I figured out a solution to this issue from other resource.
The problem comes from the negative value returned by "state". The original code is as below:
[gradients,loss,state] = dlfeval(@networkGradients,X,gtBox,gtClass,gtMask,dlnet,params);
dlnet.State = state;
Replace the last line (dlnet.State = state;) with the followings to ensure that all values assigned to "dlnet.State" are positive.

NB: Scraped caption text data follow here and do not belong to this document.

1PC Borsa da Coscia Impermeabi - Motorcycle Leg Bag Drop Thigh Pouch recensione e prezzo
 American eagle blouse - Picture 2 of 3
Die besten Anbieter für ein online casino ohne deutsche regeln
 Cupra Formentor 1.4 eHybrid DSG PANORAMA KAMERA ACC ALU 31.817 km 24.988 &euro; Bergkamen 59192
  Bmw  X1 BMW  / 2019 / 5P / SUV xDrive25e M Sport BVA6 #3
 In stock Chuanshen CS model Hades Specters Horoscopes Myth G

idx = dlnet.State.Parameter == "TrainedVariance";
boundAwayFromZero = @(X) max(X, eps('single'));
dlnet.State(idx,:) = dlupdate(boundAwayFromZero, dlnet.State(idx,:));
This will make the code work then.
But then I am now facing another problem. The training process takes so much time (days), probably because the network is really huge. I thought my GPU should be good enough but it turns out that even setting the mini-batch size to 2 requires more memory on GPU than what I have. For now, only cpu is capable of performing such computation.
My GPU is as follows:
Name: 'GeForce GTX 1080'
Index: 1
ComputeCapability: '6.1'
SupportsDouble: 1
DriverVersion: 11.2000
ToolkitVersion: 11
MaxThreadsPerBlock: 1024
MaxShmemPerBlock: 49152
MaxThreadBlockSize: [1024 1024 64]
MaxGridSize: [2.1475e+09 65535 65535]
SIMDWidth: 32
TotalMemory: 8.5899e+09
AvailableMemory: 7.4505e+09
MultiprocessorCount: 20
ClockRateKHz: 1771000
ComputeMode: 'Default'
GPUOverlapsTransfers: 1
KernelExecutionTimeout: 1
Hope this information helps those who want to train their own mask R-CNN on MATLAB.